LE FIGARO. - Arcelor Mittal échappe de peu à la première perte de son histoire. Êtes-vous satisfait de cette performance?
Lakshmi MITTAL. - Non, même si, compte tenu des circonstances, nous nous en sommes très bien sortis. Nous avons atteint tous nos objectifs de baisse des coûts, de réduction de la dette, d'adaptation de notre production, et avons négocié avec les différents syndicats dans le monde... alors que 2009 a été une des années les plus difficiles depuis trente ans pour le monde capitaliste. La crise n'est pas finie. La reprise sera lente et progressive. Mais nous sommes parvenus à sortir de la crise avec succès.
L'utilisation de vos capacités de production est passée de 50 %, fin 2008, à 70 %. Qu'anticipez-vous pour cette année?
Notre planning de production repose sur la demande de nos clients. En 2009, seuls 10 de nos 25 hauts-fourneaux étaient en production. Désormais, une vingtaine sont en activité. Il en reste quatre ou cinq qui sont temporairement arrêtés et redémarreront quand la demande repartira. À la fin de 2010, nos usines devraient fonctionner à 85 % de leurs capacités. Le marché automobile devrait légèrement s'améliorer par rapport au quatrième trimestre 2009 en Europe et croître fortement dans les pays émergents. Nous organisons des journées de l'innovation avec nos grands clients. Nous leur présentons nos nouveaux produits, nos programmes de développement. Ils sont toujours en attente de meilleurs produits, d'aciers à la fois plus résistants et plus légers, et de plus de services.

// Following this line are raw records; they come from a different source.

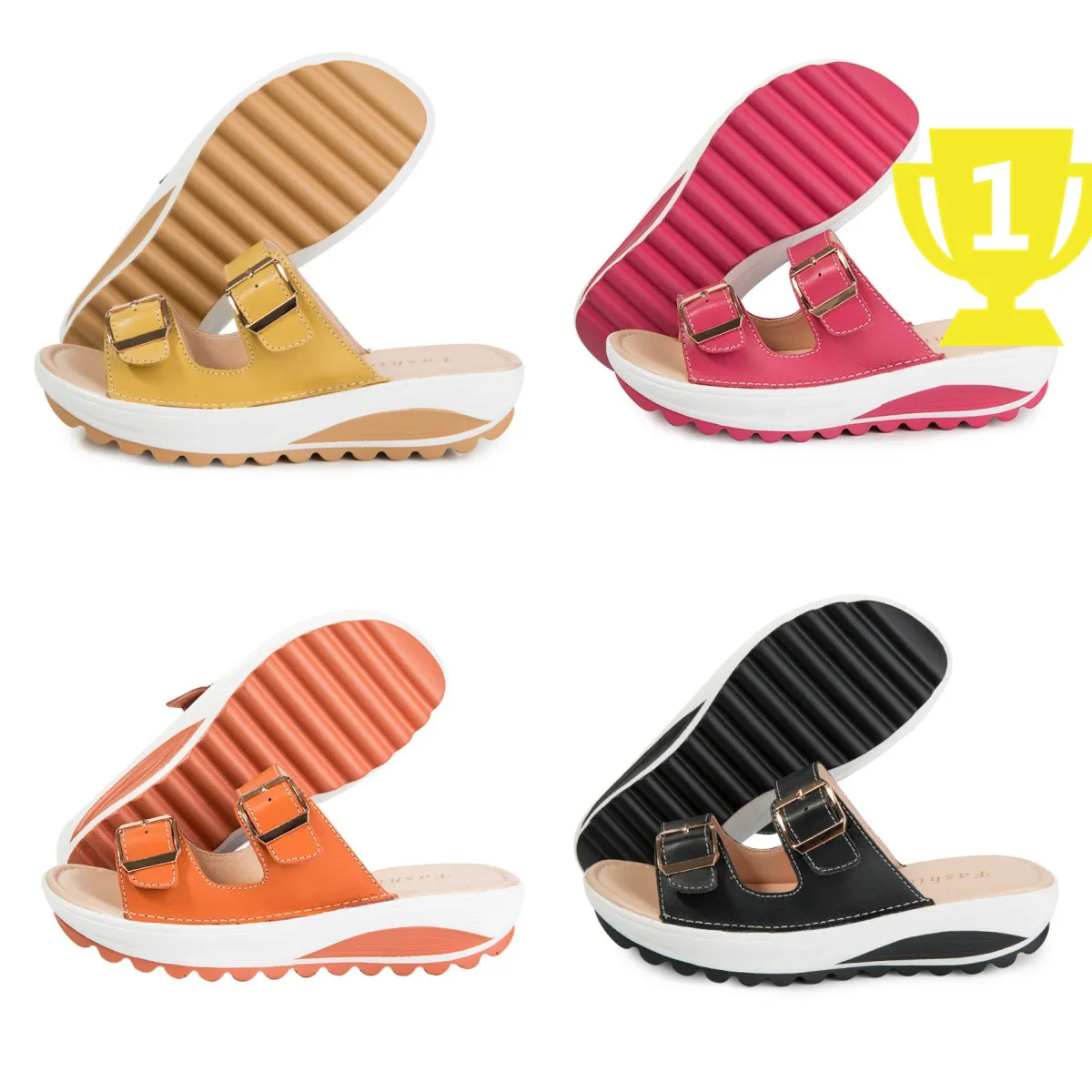 sandálias femininas casuais para casa ao ar livre usar sapatos casuais GAI colorido laranja damasco novo estilo tamanho grande tendência da moda feminina size35-42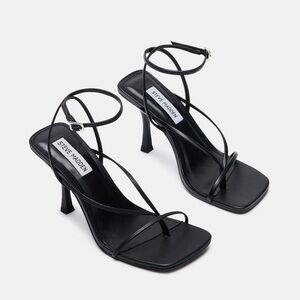 Steve Madden Annie Ankle Strap Sandal - Black, 7
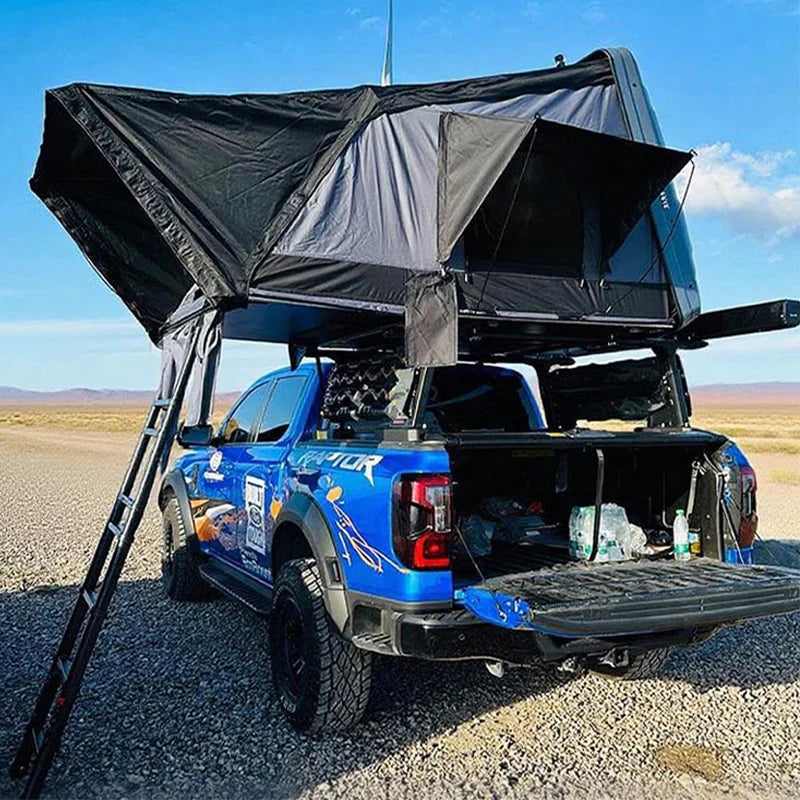 Livara Hardtop Flip Roof Top Tent - Camping & Travel, Air-Spring Assisted, 3-Person Capacity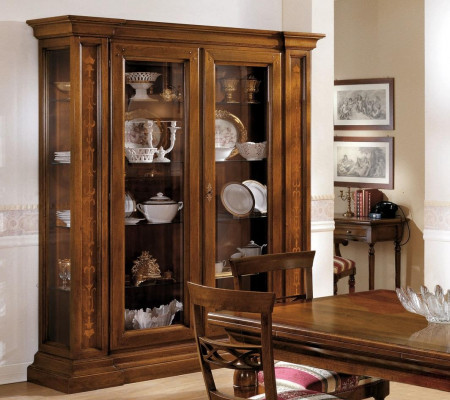 Vitrína se dvěma dveřmi, skříň, vitríny obývacího pokoje, design, skříň, nábytek, sklo, nový.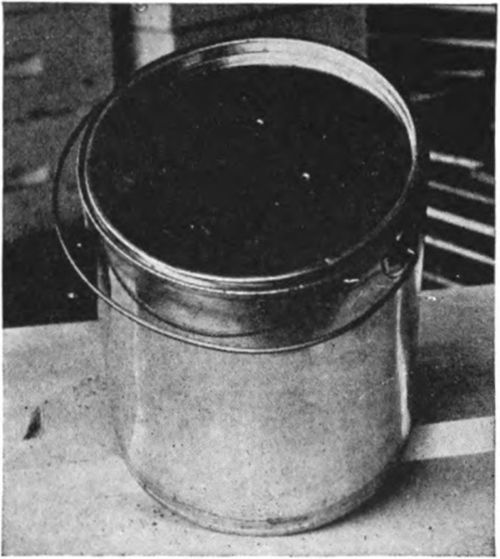 Friction top pail with holes in lid for feeding.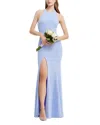 Dress The Population Paige Halter Gown In Sky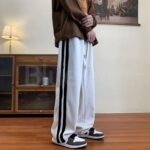 Striped Baggy Pants – Korean Street Style! - Image 4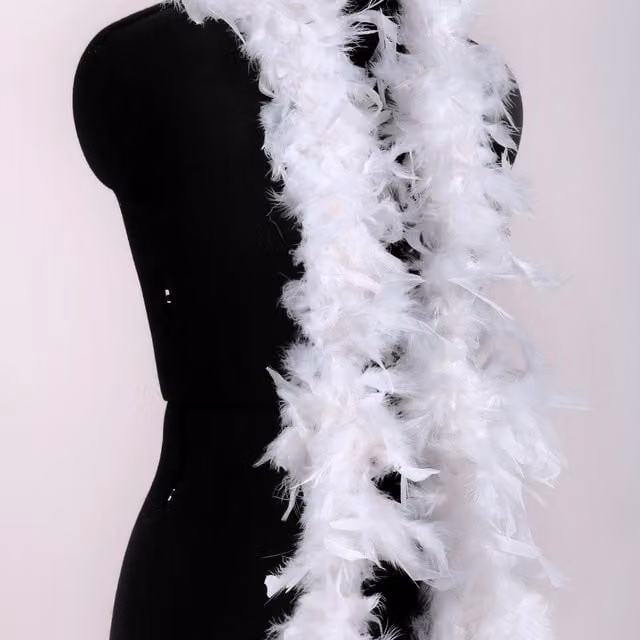 Trimits Marabou Feather Boa in White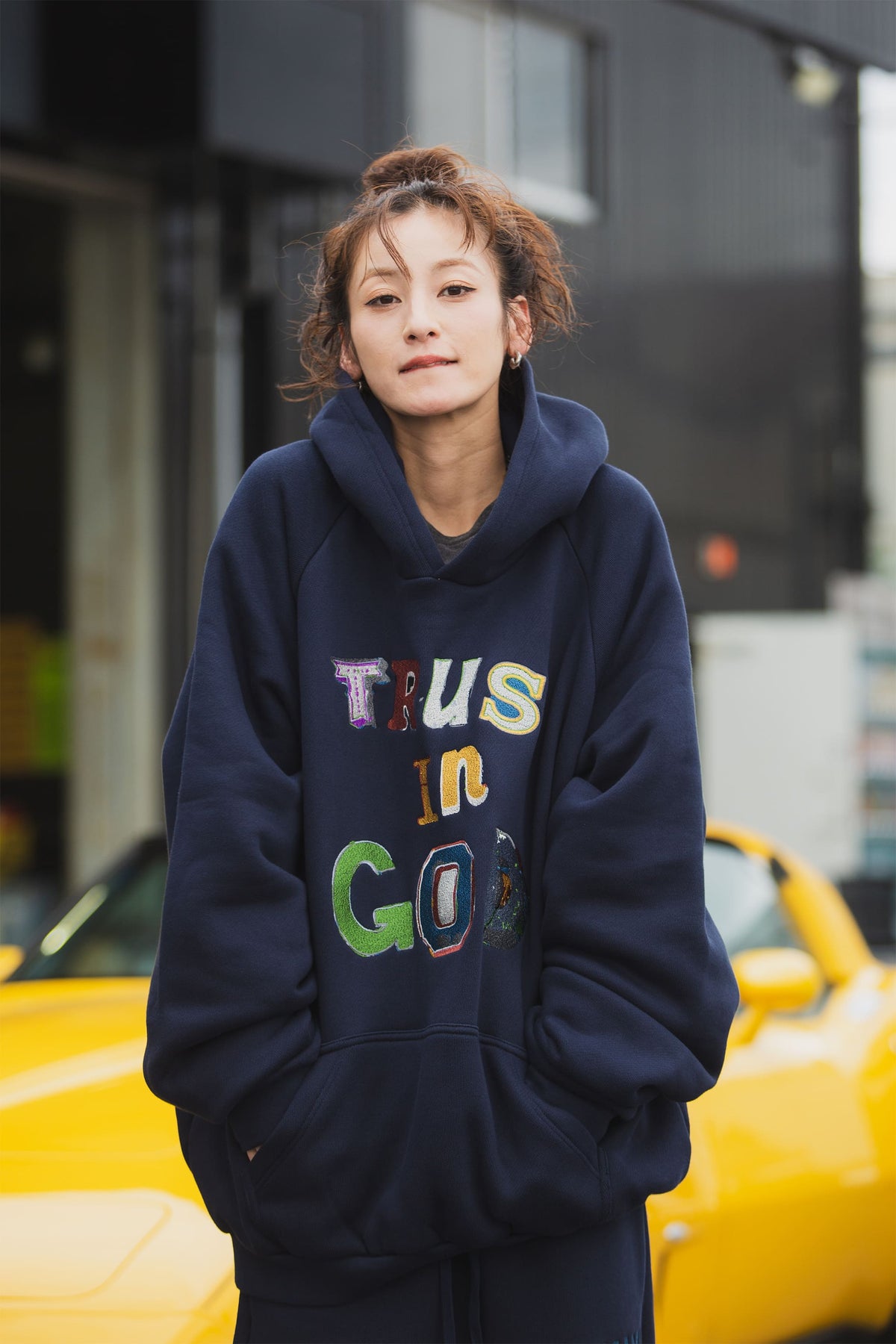 TRUST IN GOD EMBROIDERY HOODIE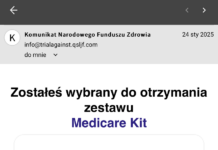 Fałszywe wiadomości mailowe. Apteczka za 8 zł może kosztować utratę danych i pieniędzy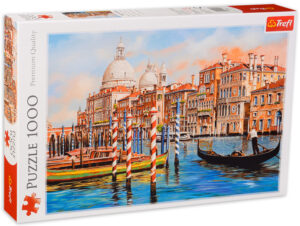 Пъзел Trefl от 1000 части - Следобед във Венеция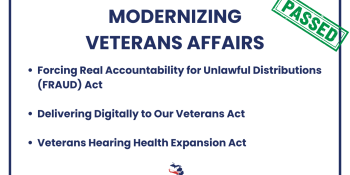 Modernizing Veterans Affairs: Forcing Real Accountability for Unlawful Distributions (FRAUD) Act; Delivering Digitally to Our Veterans Act; Veterans Hearing Health Expansion Act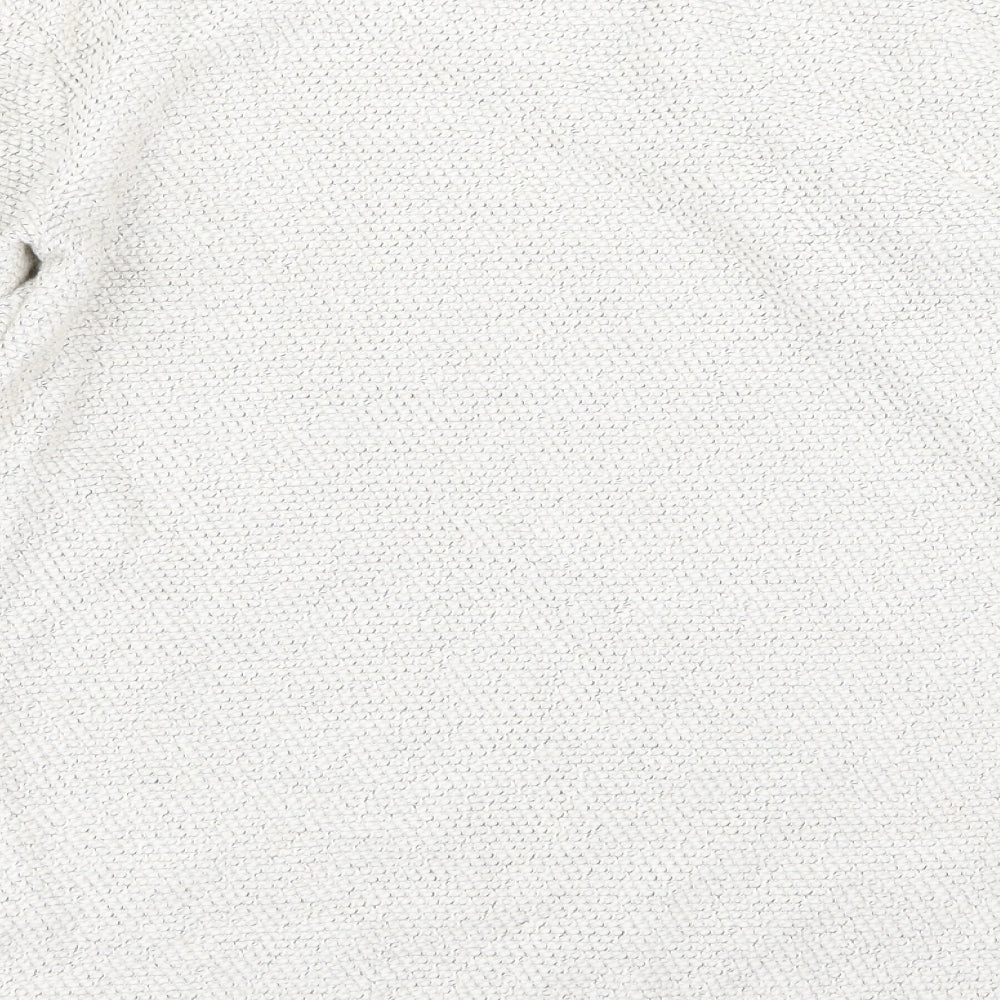 H&M Womens White Pullover Jumper Size S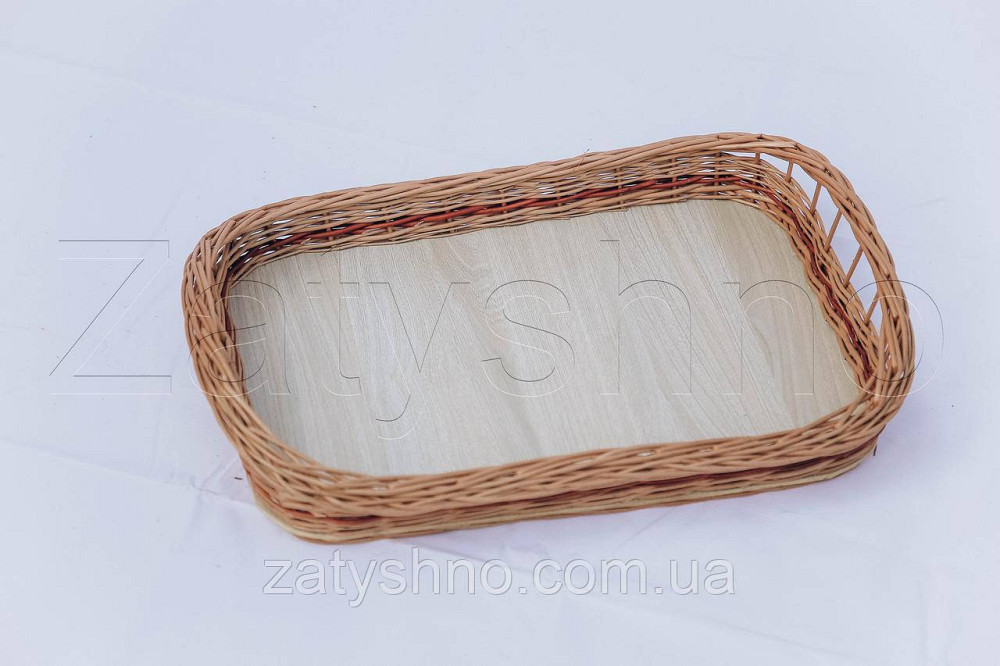 Поднос плетеный | поднос  из лозы | поднос плетеный с крышкой Киев - изображение 6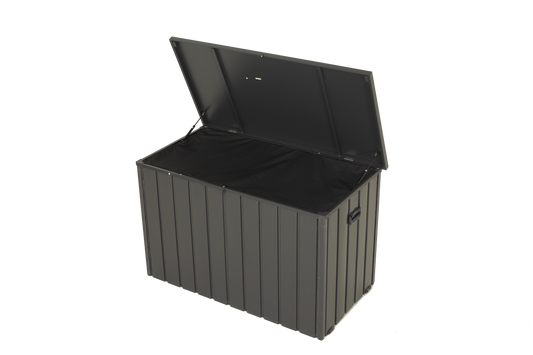 200-Gallon Metal Outdoor Deck Storage Box with Oxford Inner Bag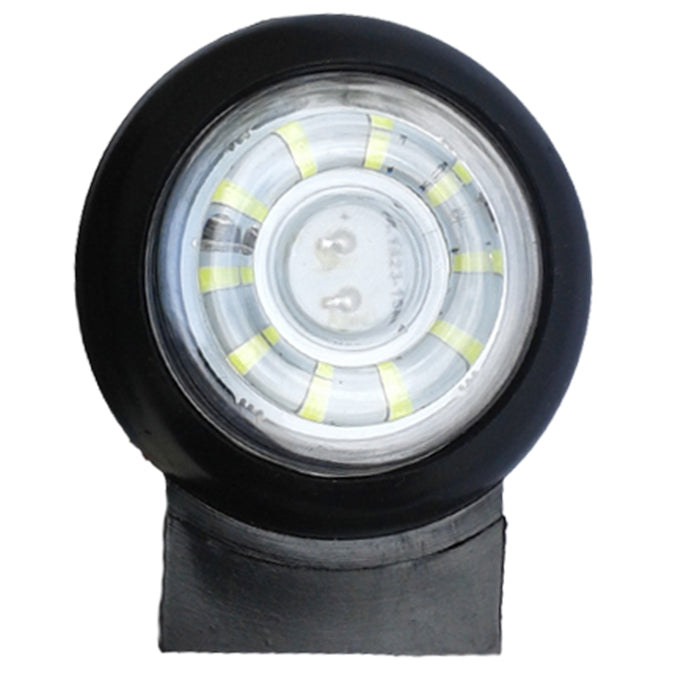 Feu de gabarit LED rond, 10 LED blanches, 12/24 V, modèle UK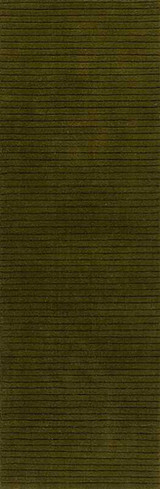 Asher ASH-1 Olive Green Runner Rug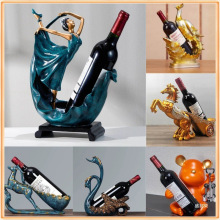 乔迁新居礼品酒柜装饰品摆件创意客厅餐厅工艺品红酒架摆件欧式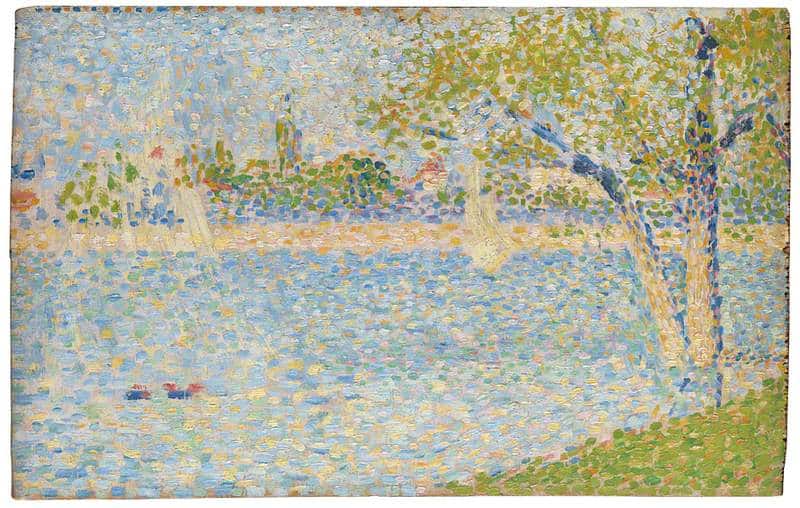 Peinture sur toile, reproduction de Seurat Georges The Seine Seen From La Grande Jatte qualité musée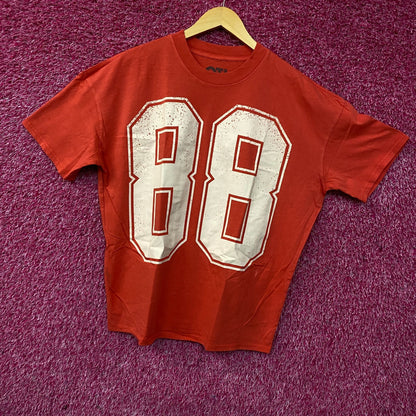 88 Jersey Style Oversized Graphic T-Shirt Small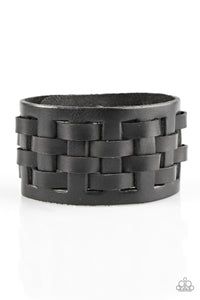 Paparazzi - Road Hog - Black Urban Bracelet (Men's)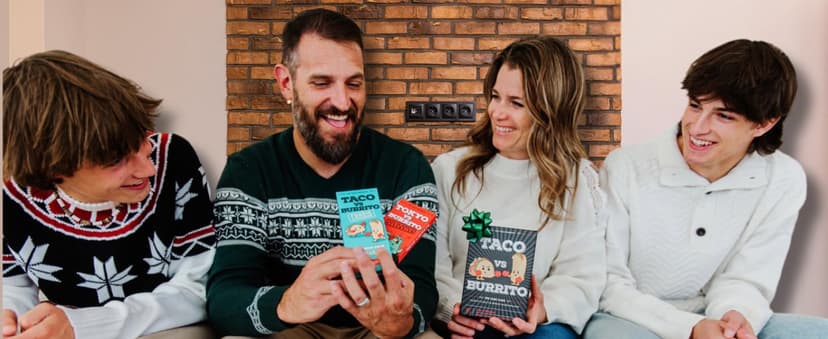 Taco vs Burrito - The Wildly Popular Surprisingly Strategic Card Game Created by a 7 Year Old - 5 Ways to Play - a Family-Friendly Party Game for Kids, Teens & Adults
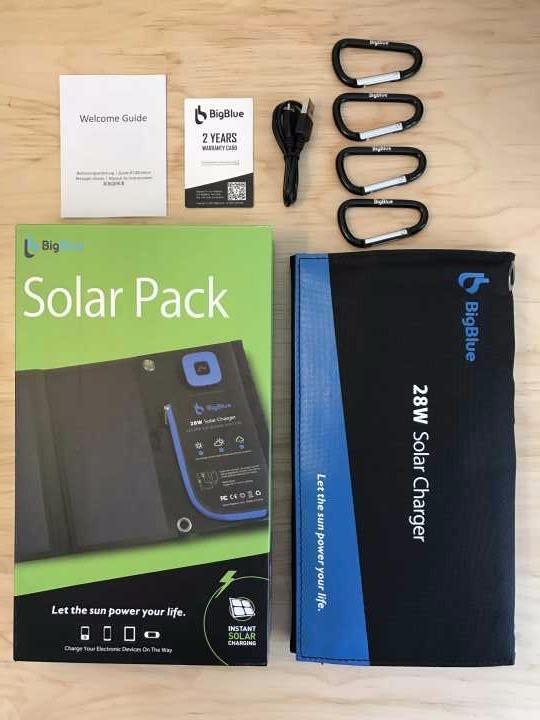 21W Solar Panel Charger BigBlue SolarPowa 20 Portable Solar Charger with USB-A/USB-C Ports, IP68 Waterproof, High-Efficiency Lightweight Foldable Solar Panels for Phones, Tablets, Camping, Backpacking customer photo 1
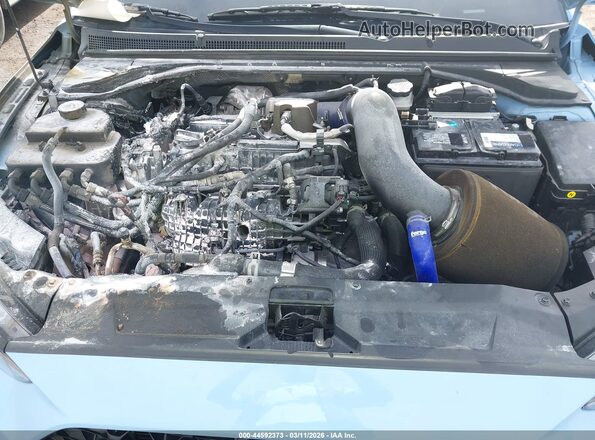 KMHT36AHXKU001451 2019 HYUNDAI VELOSTER Blue Widok z tyłu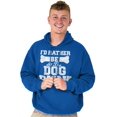 thumbnail image 1 of Rather Be Dog Park Pet Puppy Owner Hoodie Sweatshirt Women Men Brisco Brands L, 1 of 6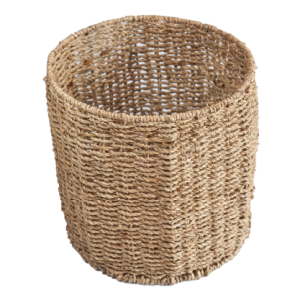 Round Handwoven Seagrass Storage Basket Set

Comment comptez-vous réaliser les 5 milliards de réduction de coûts annoncés d'ici à 2012?
Ce total de 5 milliards comprend les économies déjà réalisées (2,7 milliards, NDLR). Nous avons mis en place de nombreuses mesures pour améliorer notre productivité. ArcelorMittal est une compagnie tellement grande, nous pouvons faire un « benchmark » dans le groupe! Nous avons mis en place un plan d'amélioration continue dont l'objectif est d'économiser 30 dollars (ou 20 euros) par tonne d'acier produite. Il y a eu une centaine d'initiatives dans ce domaine. En 2009, nous sommes parvenus à économiser 13 euros par tonne. Il nous reste encore 7 euros à gagner. À l'échelle du groupe, cela représentera une économie supplémentaire de 1,4 milliard d'euros. Et nous pouvons encore réduire nos coûts administratifs et nos dépenses. Cela passera notamment par une spécialisation des sites de production qui pourront être consacrés à un seul type de produit. Ce qui ne signifie pas que nous en fermerons...
... Ou que vous continuerez à réduire vos effectifs?
Le groupe compte 35 000 employés de moins en 2009 qu'en 2008. Nous avons mis en place des plans de départ en préretraite, des plans de départs volontaires... Nous n'avons rien prévu de tel cette année. Il nous faut juste achever ce qui a été commencé. Il n'y a pas de surcapacités de production en Europe. En Chine, oui.
Vous avez aussi évoqué la reprise des investissements.
Oui. Nous allons relancer des projets miniers et des investissements dans les pays en développement, notamment au Brésil. Nous ne prévoyons pas de réaliser de nouvelles acquisitions dans l'acier. Le coût serait supérieur à celui de l'extension de capacités existantes. Nous préférons nous concentrer sur cette dernière solution.
La mise en place de la taxe carbone est-elle une menace pour vos activités en France?
Nous serons moins compétitifs en Europe. Nous sommes en discussion avec le gouvernement français, pour lui expliquer l'impact de cette taxe sur nos coûts. J'ai rencontré le président Nicolas Sarkozy il y a quelques semaines. Il m'a dit vouloir une industrie forte en France. Nous allons devoir trouver des solutions. La politique européenne en termes de CO2 est déjà un fardeau pour la sidérurgie européenne, par rapport à nos concurrents chinois ou indiens. Cela représente clairement un coût supplémentaire, difficile à chiffrer mais bien réel. Au final, la taxe carbone pourrait être contradictoire avec une industrie forte. Mais les deux vont devoir coexister.
La production chinoise d'acier qui repart à la hausse est-elle une menace pour votre industrie?
L'année dernière, les exportations nettes d'acier chinois se sont élevées à 10 millions de tonnes. Cette année, elles ne devraient pas dépasser 25 millions de tonnes. D'abord parce que la demande chinoise interne est repartie à la hausse. Ensuite, parce que la production chinoise d'acier repose sur des importations de matières premières, ce qui la rend moins compétitive à l'exportation. Enfin, la Chine exporte majoritairement en Asie du Sud-Est. Néanmoins, nous sommes toujours attentifs. Si la Chine exporte, cela peut tirer les prix européens à la baisse, c'est déjà arrivé, avant 2008. Il y a toujours un risque.